1 Thessalonians 4:1-12
This reading is from Saint Paul’s first letter to the Christians in Thessalonica, an ancient city in northern Greece. The letter was written in the early 50s, less than 20 years following Jesus’ death and resurrection. It is probably Saint Paul’s earliest preserved letter, making it the oldest writing in the entire New Testament. There is not yet a Gospel according to Matthew, Mark, Luke, or John. There is not yet the record of the Acts of the Apostles. There are no Creeds. There is no ordination process agreed upon. So there is some confusion how to practice the Christian faith, with rivalry among those who purported themselves to be leaders.[i] Lots of conflict, resentment, and inexperience.
In this letter to the Thessalonian Christians, Saint Paul is rather tough. He tells them “to stop complaining.” He reminds them “to aspire to live quietly, to mind your own affairs, and to work with your hands… so that you may behave properly toward outsiders.” If we were to take Saint Paul’s words – from 2,000 years ago – and overlay them on our own Coronavirus circumstances, we find some good counsel for life together during our own conflicted time. Saint Paul’s words are not a perfect fit for today, but we can glean some help:
- Saint Paul says “stop complaining.” Like in Saint Paul’s time, so now, there is rivalry among leaders, distrust, and disdain. Saint Paul says to “mind your own affairs.” If we were to presume that, in minding our own affairs we are doing the best we can, and that everyone else is, too, that would help. I’m not presuming we necessarily agree with others – with our various leaders and companions – how to practice life just now. I’m not suggesting we don’t hold one another accountable. However if we open our heart of compassion towards others, presuming they are doing the best they can right now… which sometimes is quite sad, even bad… we will not be the dispenser of the very poison we decry in the others with whom we disagree. Pray for your enemies with the same fervor you pray for yourself.[ii] Outsiders may not be our soulmates, but we’re in this together. Saint Francis de Sales lived in the 18th century, a terribly conflicted time for both church and state. He said, “What we need is a cup of understanding, a barrel of love, and an ocean of patience.”[iii]
- Then Saint Paul writes to “get to work” and “be dependent on no one.”[iv] The back story is Jesus’ promise about his second coming. That promise was a problem. People in Thessalonica had simply stopped their work, point-blank, and waited for Jesus’ imminent return. And while they waited they got hungry and, of course, had many other needs. The Christians who harshly judged the other people who were working and not waiting, at the same time demanded these outliers take care of the Christians’ needs. Paul denounces the Christians’ presumption and sense of entitlement. We are inter We are responsible daily to contribute what we can for the common good, each in our own different way. At the very least, we contribute our kindness and gratitude, and with great generosity. Saint Paul says, point blank: “Stop complaining; get to work” So for you? What do you need to work on today, in yourself and on behalf of others? What is your vocation today?[v]
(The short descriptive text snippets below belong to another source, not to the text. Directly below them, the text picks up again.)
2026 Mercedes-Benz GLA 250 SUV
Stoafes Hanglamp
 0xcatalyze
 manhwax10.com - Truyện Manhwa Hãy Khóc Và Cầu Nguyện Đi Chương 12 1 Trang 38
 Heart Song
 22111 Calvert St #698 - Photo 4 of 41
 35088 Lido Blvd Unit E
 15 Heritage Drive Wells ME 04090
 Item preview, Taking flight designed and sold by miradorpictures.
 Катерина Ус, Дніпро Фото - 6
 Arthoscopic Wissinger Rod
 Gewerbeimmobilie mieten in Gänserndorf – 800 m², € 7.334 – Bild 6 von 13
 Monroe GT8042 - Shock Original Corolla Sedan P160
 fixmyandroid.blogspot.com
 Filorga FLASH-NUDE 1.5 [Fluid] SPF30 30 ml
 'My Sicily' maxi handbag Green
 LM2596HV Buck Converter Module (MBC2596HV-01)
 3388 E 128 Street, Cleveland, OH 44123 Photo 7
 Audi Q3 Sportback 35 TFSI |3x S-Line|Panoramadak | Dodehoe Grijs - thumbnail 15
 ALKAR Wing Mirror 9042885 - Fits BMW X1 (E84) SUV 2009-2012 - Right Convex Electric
Saint Paul’s concern is about life together in the present. The life we have been given is now. Where Christ will be really present is in the real present, in the now, right now, wherever and however we are. Our life will indeed come to an end, if not today, someday, maybe soon. Live today as if this were your last day. It could be. The story is told of Saint Francis of Assisi who was out hoeing his garden.[vi] A passerby asked him what he would do if he were suddenly to learn that he would die before sunset that very day. Francis replied, “I would finish hoeing my garden.”
[i] 1 Thessalonians 2:5, 9. Saint Paul was slandered by some who said he preached the gospel for what he could get out of it.
[ii][ii] Matthew 5:43-48.
[iii] Saint Francis de Sales (1567-1622) was Bishop of Geneva. Quoted from Jack Kornfield’s, A Path With Heart; A Guide Through the Perils and Promises of Spiritual Life (1993), p. 58.
[iv] 1 Thessalonians 4:11-12.
[v] The English word, “vocation,” from the Latin, from Latin vocationem: a calling.
[vi] Saint Francis of Assisi (1181-1226).